Painting by Benjamin West

Fidelia and Speranza is a 1776 painting by Benjamin West. It is a neoclassical depiction of a scene from the poem The Faerie Queene by Edmund Spenser. It was displayed at the Royal Academy Exhibition of 1777 in London.

==Subject and analysis==
The neoclassical style oil on canvas painting Fidelia and Speranza portrays a scene from the epic poem The Faerie Queene, written by Edmund Spenser. Together Fidelia, representing faith, is holding the New Testament while her sister Speranza; representing hope, wait at the entry of the House of Holiness for the arrival of the Red Cross Knight. The knight, representing humanity, is lead through the ominous landscape by Una who represents the church. West depicts the two sisters in classical dress. Their elegant gestures and graceful contrapposto reveal West's, an American, admiration of the classical sculpture and artwork of the European old masters.

The central focus of the painting are the two sisters elevated on the stairway. West’s uses the lines from the sister’s tilted heads down to the landing, upon which they stand, to create the traditional pyramid structure that subtlety states the stability and eternal truth of the Christian virtues faith and hope. The high contrast of dark and light color throughout the painting emphasizes the battle between good and evil in humanity. This is represented in the opposing colors of the Red Cross Knight and Una’s horses, as well as, the growing light in the sky illuminating the doorway of the House of Holiness in contrast to the dark interior. The artist makes special note of the impending light overcoming the sky by reflecting it in the eyes of Speranza who is facing the doorway versus Fildelia’s subdued eyes that are turned away from the entry. The brightest color is the iridescent white of Fidelia’s robe, likely the source of the radiance surrounding her head and symbolizes the purity of faith. Again in contrast to her sister’s light purple or violet dress that is covered by a blue-green robe and bound by an orange sash. The violet color represents numerous religious ideals, such as, The Sacrament of Penance and Reconciliation and furthers the spiritual context of the piece. The foreground shows a landscape partially covered by dark clouds that are receding, almost as if the fluffy bright white clouds are pushing them off of the canvas edge. This artistic impression coincides with the humanity and the church, represented by knight and Una, approach toward the House of Holiness suggesting a new dawn is upon humanity for allowing divine intervention to present it sanctified enlightenment.

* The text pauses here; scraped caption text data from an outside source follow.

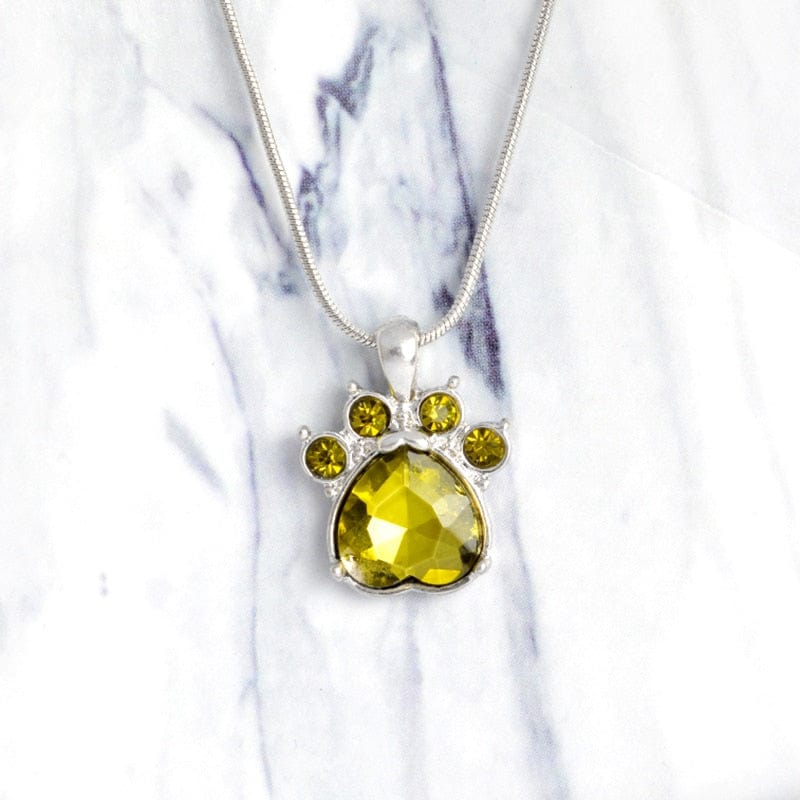 Paw Print Birthstone Charm Necklace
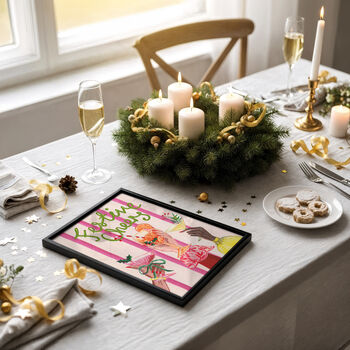 ‘Festive Cheers’ Christmas Art Print – Holiday Celebration Wall Decor, 2 of 6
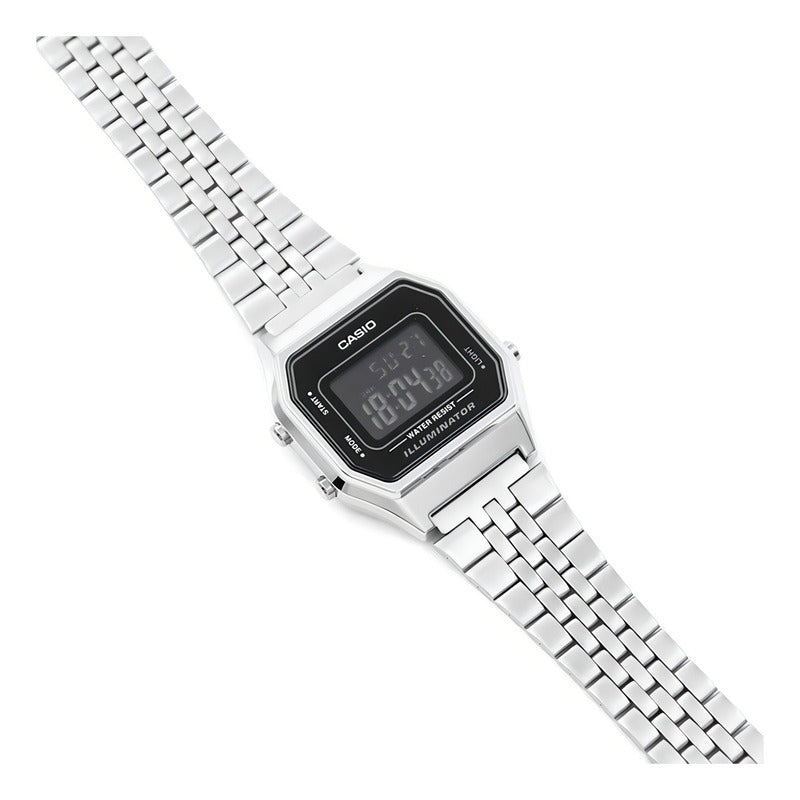 Reloj Casio Original Dama Modelo La680wa-1b Local Granimp Plata Negro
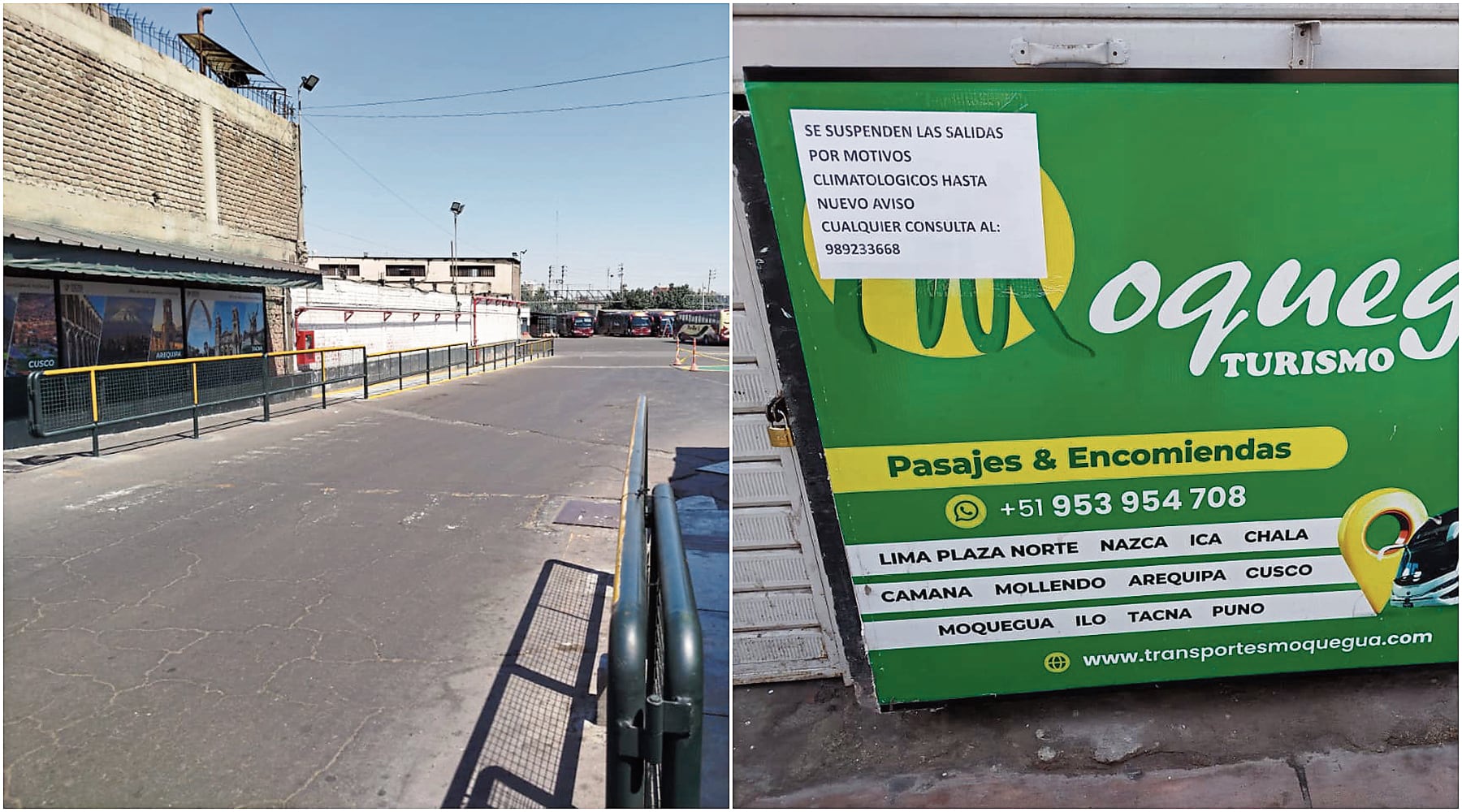 Huaicos suspenden viajes desde Ica hacia Arequipa, Moquegua y Tacna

Fidelia and Speranza is full of biblical references, for example the white robe represents truth, holiness and purity. The external nature of these ideals and the historical setting of the poem are best illustrated in the artist’s choice of classical dress for the sisters. The sacramental cup filled with wine, could also be the chalice of St. John. He was known to have miraculously changed a chalice of poisoned wine into a serpent. Also the serpent is symbolical of healing, something the Red Cross Knight seeks from the sisters. Most notable Speranza’s holding of an anchor most likely is a direct reference to the bible scripture Hebrews 6:19 that reads, “We have this hope as an anchor for the soul, firm and secure. It enters the inner sanctuary behind the curtain.” The painting’s narrative closely follows stanzas twelve through fourteen of book 1, canto 10 of The Faerie Queen. It depicts the spiritual entity Una leading the sinning knight to the House of Holiness where his healing and conversion take place. The willingness of the sinful knight to allow the spiritual Una to lead him to Christian virtues demonstrates how mortal man can find spiritual redemption and salvation through religious conviction. The first people to meet him are sisters Fidelia and Speranza symbolizing the virtues of faith and hope.